In [4]:
from plotly import __version__
from plotly.offline import download_plotlyjs, init_notebook_mode, plot, iplot
import plotly.graph_objs as go
init_notebook_mode(connected=True)
from sklearn import tree
import numpy as np
import pandas as pd 

# [Decision trees](https://en.wikipedia.org/wiki/Decision_tree_learning)

### What is it?
It is non-parametric a classification / regression model.

### When do I use it?
I want to predict / classify a response variable based on arbitrary data. Be it countinous (regression problem) or categorical (classification problem) response.

### Why do I use it?
Its super-simple to setup. Its super-simple to explain to a customer.

### Why do I NOT use it?
Its easily over-trained (i.e. not robust). It is unstable regarding the data (small change in input data leeds to completely different model).

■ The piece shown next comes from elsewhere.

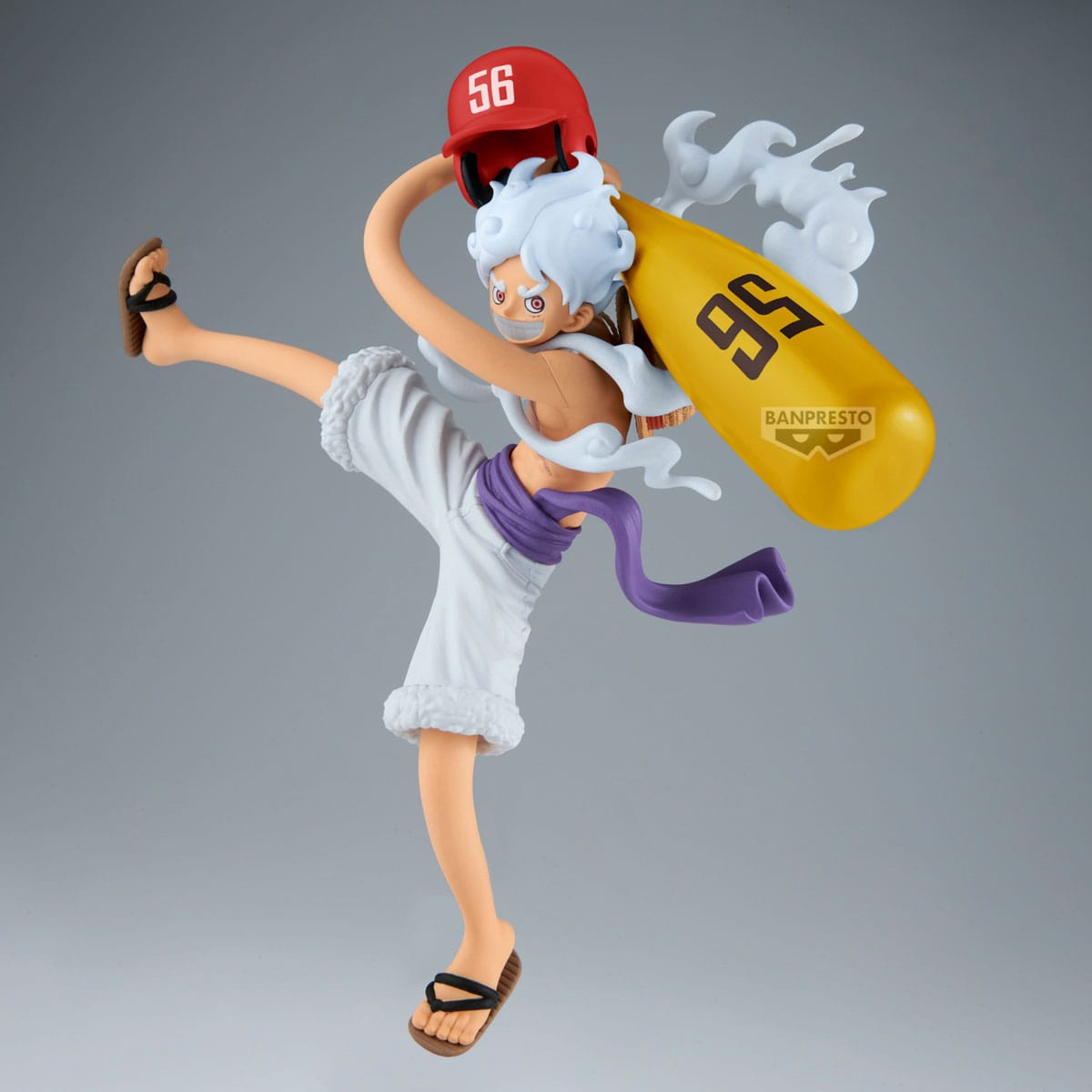 One Piece Battle Record Collection PVC Statue Monkey D. Ruffy Gear5 II 17 cm Prizefiguren Yokina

### Why do we even talk about it?
It is a good building brick to build realy good models from (e.g. random forests ,gradient boosting).

# How does it work?

We have a data-set of customers with some features and response variable Y = age. We want to be able to predict the age in order to offer them student / senior discount. And we would like to setup a set of questions which will lead us to the approximate age of a person.

Something like: 1] Does he like games? -> YES. 2] Does he also like gardening? -> No. Then he is about 14!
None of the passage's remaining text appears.